昨今、日本の電機メーカーが立て続けに赤字を出し、リストラをするというニュースが相次いでいるが、これは、日本のメーカーは”もの”をつくるのには超一流だったが、”こと”をつくること、すなわち体験やライフスタイルという一つ上の概念まで思慮できていなかったことが原因ではないだろうか。京都大学の原先生が言うように、「イノベーションとは、社会・経済価値を創造する『技術発明』と『市場洞察』との結びつき」である。
しかし、日本の電機メーカーは、この市場洞察ができていなかったのだと思う。例えば、テレビは昔は決まった時間に決まったコンテンツを決まった場所で、場合によっては決まった人(例えば家族)と視ることが多かった。しかし現在は核家族化や個人主義の浸透によって、またライフスタイルや趣味が増えたことによって、画一的な方法で視ることが減った。若い人からすれば、iphoneでもipadでも視れるし、youtubeにニコ動でも視れるわけだ。そういったライフスタイルの変遷に対応するのが遅かったように思う。
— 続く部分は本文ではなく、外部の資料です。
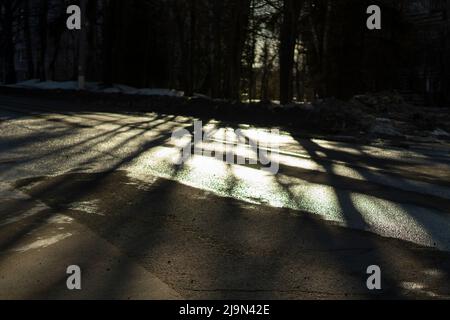 Luce su strada. Ombra da alberi. Dettagli strada. Ombre lunghe. Foto Stock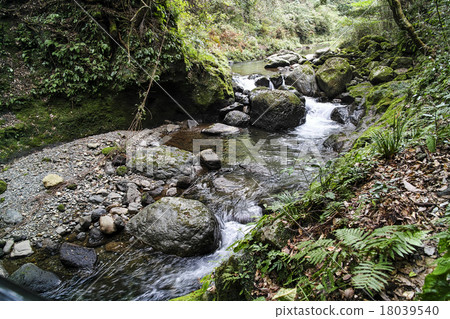  Cheonan Rivers 18039540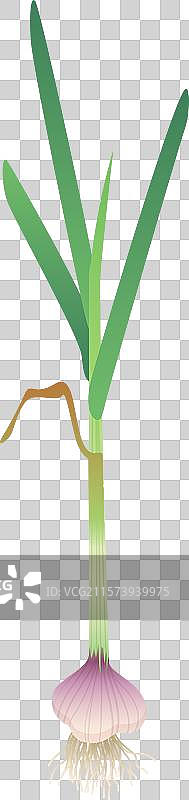 有机种植的大蒜，白色的蒜头和绿色的蒜苗图片素材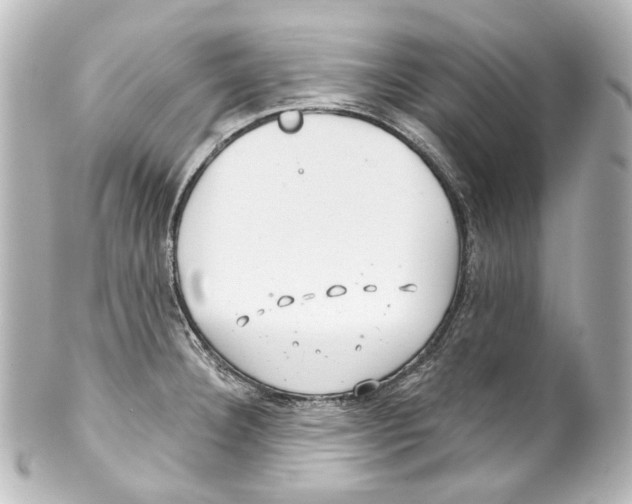 X0000100201332200806271633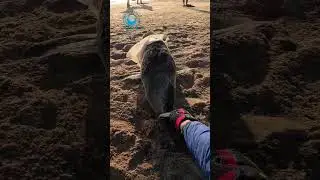 Baby Seal Rescued From Plastic Bag #shorts
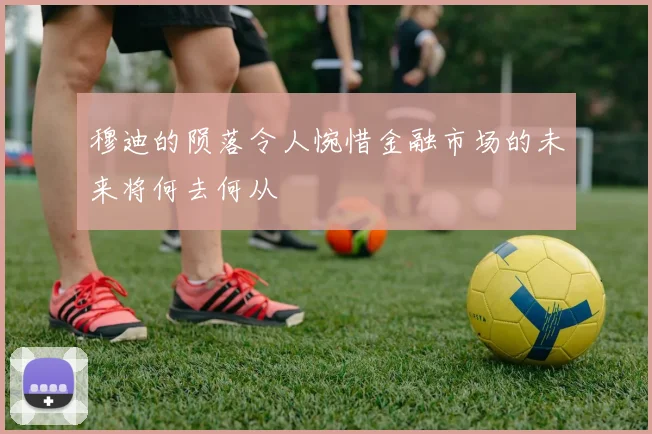 穆迪的陨落令人惋惜金融市场的未来将何去何从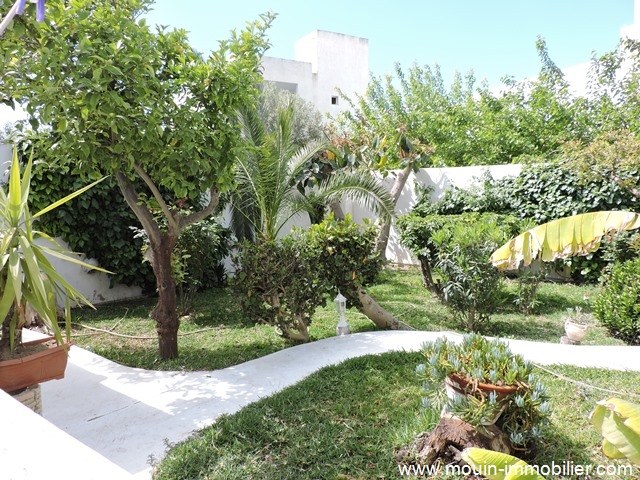Vente Maison/Villa HAMMAMET NORD TUNISIE  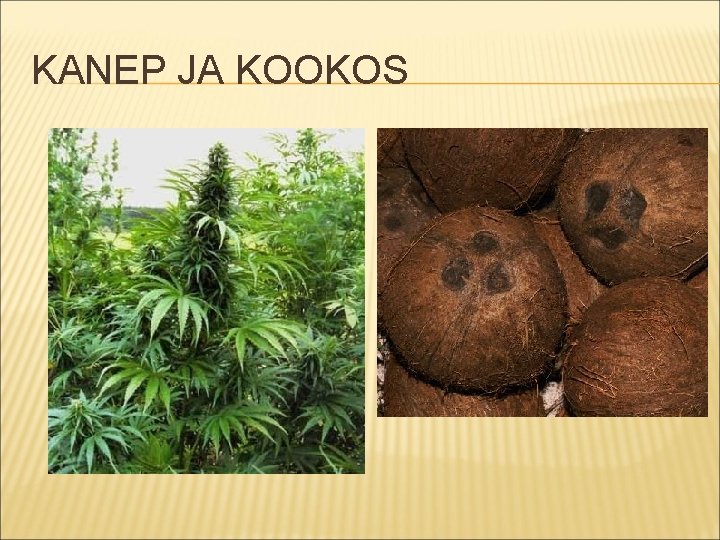 KANEP JA KOOKOS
これは、マーケティング力の差に限らない。日本の組織そのもの問題でもあるように思う。日本の多くの組織が縦割りで、全体像を考えられない人が多いからだ。全体像を考えられないというのは、日本人の特徴的な一面でもあるように思う。日本の教育は、お上から言われたことを覚える、従うということを徹底するこに重きを置いており、大人でもそれを常識とする、美徳とする人が多く見受けられる。日本人の口癖に「仕方ない」や「しょうがない」が多いのも、そういった教育を受けているからなのだろう。
ただ、これらはともすればアメリカや中国の企業でも陥ってしまいがちな事でもある。問題は、そこからいち早く学べるかどうか、なのだろう。そのスピードの差が、成功と失敗の分かれ道だったように思う。無論、それができているエクセレントカンパニーは日本にも多くあるのだ。
さて、話を戻すと、コモディティ化からの脱却には上位概念の定義付けとそれに基づいた具体的なサービスの構築が必要なようだ。それには、消費のプロセスをゼロベースで検証することがまず第一だろう。
上記の学びを得られた点で、今回の3時間のトークセッションは非常に有意義だった。週末に程よく頭を使って考えごとをするのも良いものだと分かった。